Authentication Protocols

  • Extensible Authentication Protocol (EAP)
    • A framework that allows various authentication methods.
    • It supports methods such as smart cards, biometrics, and digital certificates.
    • Enables negotiation of authentication characteristics between client and server.
Specific EAP Variants

  1. Protected Extensible Authentication Protocol (PEAP)

    • Creates an SSL/TLS tunnel for secure communication of credentials.
    • Requires server-side certificate for mutual authentication, proving server identity to clients.
    • Developed through collaboration of Cisco, Microsoft, and RSA.

  2. EAP Flexible Authentication via Secure Tunneling (EAP-FAST)

    • Utilizes a Protected Access Credential (PAC).
    • Establishes a TLS tunnel for transmitting user credentials.
    • Vulnerable to PAC interception, mitigated by manual provisioning or using server certificates.
    • A Cisco-developed protocol.

  3. EAP Transport Layer Security (EAP-TLS)

    • Leverages Transport Layer Security to provide robust authentication.
    • Considered one of the most secure EAP standards.

  4. EAP Tunneled Transport Layer Security (EAP-TTLS)
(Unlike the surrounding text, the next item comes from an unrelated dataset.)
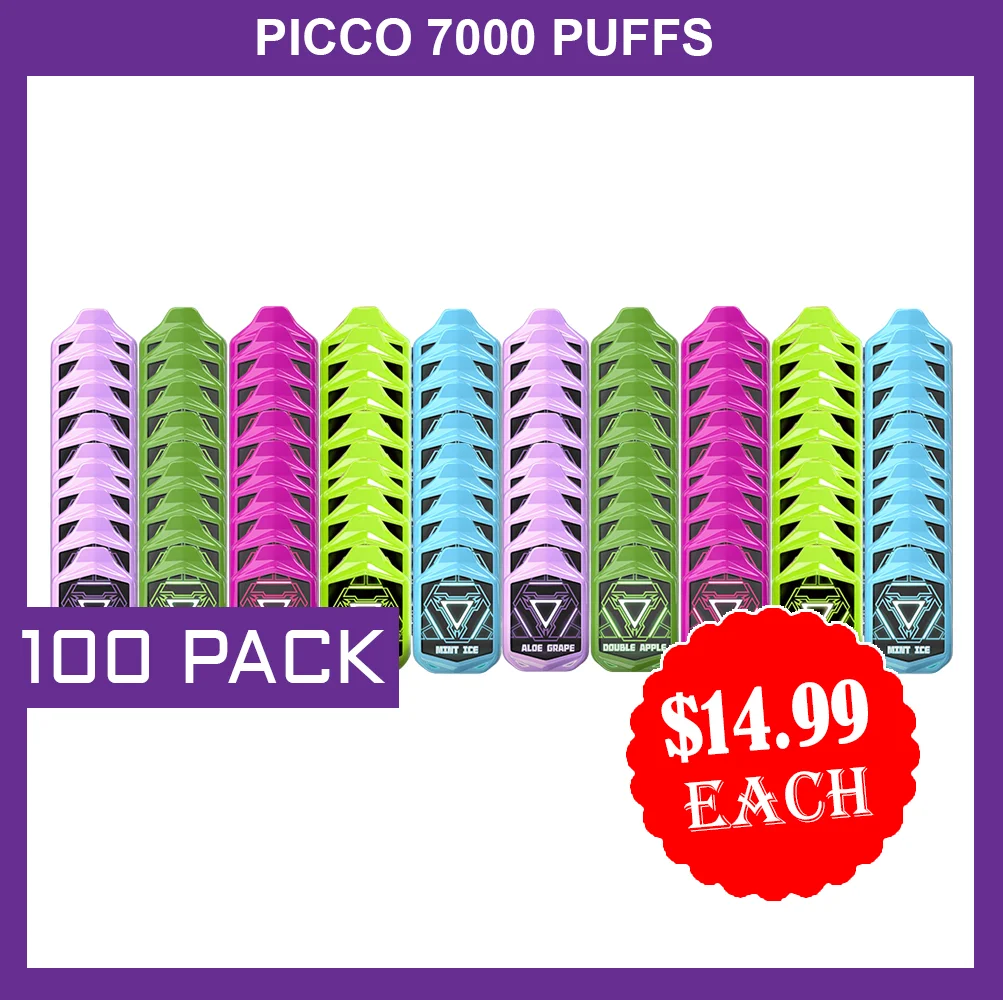 buy PICCO 7000 Puffs Australia online, PICCO 7000 Puffs disposable vape Australia, cheap PICCO 7000 Puffs Australia fast shipping, best PICCO 7000 disposable vape Australia, buy PICCO vape online Australia, PICCO 7000 Puffs Australia authentic vape supplier, order PICCO 7000 Puffs Australia online today, PICCO 7000 vape delivery Australia fast dispatch, PICCO 7000 Puffs Australia bulk vape deals online, PICCO 7000 disposable vape buy Australia, PICCO 7000 Puffs Australia premium vape flavours online, PICCO 7000 Puffs Australia flavour rich vape online store, PICCO 7000 Puffs Australia smooth airflow vape buy now, PICCO 7000 Puffs Australia portable disposable vape device, PICCO 7000 Puffs Australia vape fast delivery nationwide, PICCO 7000 Puffs Australia cheap vape deals online store, PICCO 7000 Puffs Australia vape secure checkout buy online, PICCO 7000 Puffs Australia fruity vape flavours online, PICCO 7000 Puffs Australia icy vape flavours buy now, PICCO 7000 Puffs Australia mint vape online store, PICCO 7000 Puffs Australia tropical vape flavours shop online, PICCO 7000 Puffs Australia best selling vape Australia online, PICCO 7000 Puffs Australia vape online Australia fast shipping, PICCO 7000 Puffs Australia vape Australia trusted seller, PICCO 7000 Puffs Australia buy vape online secure payment, PICCO 7000 Puffs Australia flavour consistency vape device, PICCO 7000 Puffs Australia portable vape buy online today, PICCO 7000 Puffs Australia vape customer favourites online, PICCO 7000 Puffs Australia authentic vape products buy now, PICCO 7000 Puffs Australia high quality disposable vape, PICCO 7000 Puffs Australia vape ecommerce store online, PICCO 7000 Puffs Australia easy use vape device buy online, PICCO 7000 Puffs Australia premium vape experience online, PICCO 7000 Puffs Australia vape Sydney Melbourne Brisbane Perth, PICCO 7000 Puffs Australia vape regional delivery online, PICCO 7000 Puffs Australia vape remote Australia shipping, PICCO 7000 Puffs Australia vape fast dispatch online store, PICCO 7000 Puffs Australia premium vape performance buy now, PICCO 7000 Puffs Australia vape deals Australia online, PICCO 7000 Puffs Australia top rated disposable vape buy online, PICCO 7000 Puffs Australia affordable vape online store, PICCO 7000 Puffs Australia vape wholesale Australia online, PICCO 7000 Puffs Australia vape bundle deals buy online, PICCO 7000 Puffs Australia strong flavour vape shop online, PICCO 7000 Puffs Australia satisfying vapour production vape, PICCO 7000 Puffs Australia reliable vape supplier Australia, PICCO 7000 Puffs Australia cheap disposable vape buy online, PICCO 7000 Puffs Australia vape sale Australia online, PICCO 7000 Puffs Australia vape discounts Australia online, PICCO 7000 Puffs Australia vape best price Australia, PICCO 7000 Puffs Australia vape buy now Australia, PICCO 7000 Puffs Australia vape high puff Australia online,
    • An advancement of EAP-TLS requiring only one CA-signed certificate on the server.
    • Simplifies the implementation process.

Network Access Control

  • IEEE 802.1X Port-based Network Access Control
    • Enhances security by requiring client authentication before network access.
    • Implements an architecture of authentication, authorization, and accounting (AAA).
    • Components involved:
    • Supplicant: Device requesting access (e.g., a laptop).
    • Authenticator: Network device acting as a conduit for authentication data.
    • Authentication Server: Validates authentication requests and issues authorizations.
RADIUS Authentication Process
  1. Configuration: RADIUS server and client share a secret.
  2. Connection: The supplicant connects to the network.
  3. EAPoL Activation: Switch instructs the supplicant to authenticate via EAPoL.
  4. Data Transmission: Supplicant sends EAP data to the switch.
  5. Data Encryption: The switch encrypts EAP data and sends it to the RADIUS server.
  6. Credential Validation: RADIUS server decrypts and validates credentials.
  7. Access Granting: RADIUS issues an Access-Accept message to the switch.
  8. Connection Opening: Switch opens network access to the supplicant.

Air-gapped Networks

  • Certain security-critical hosts (e.g., root certification authorities) should not connect to any network.
  • An air-gapped network is isolated; communication is local to air-gapped devices only.
  • Commonly used in military, government, and industrial settings.
  • Management challenges include local administration and the need to scan USB or optical media before use.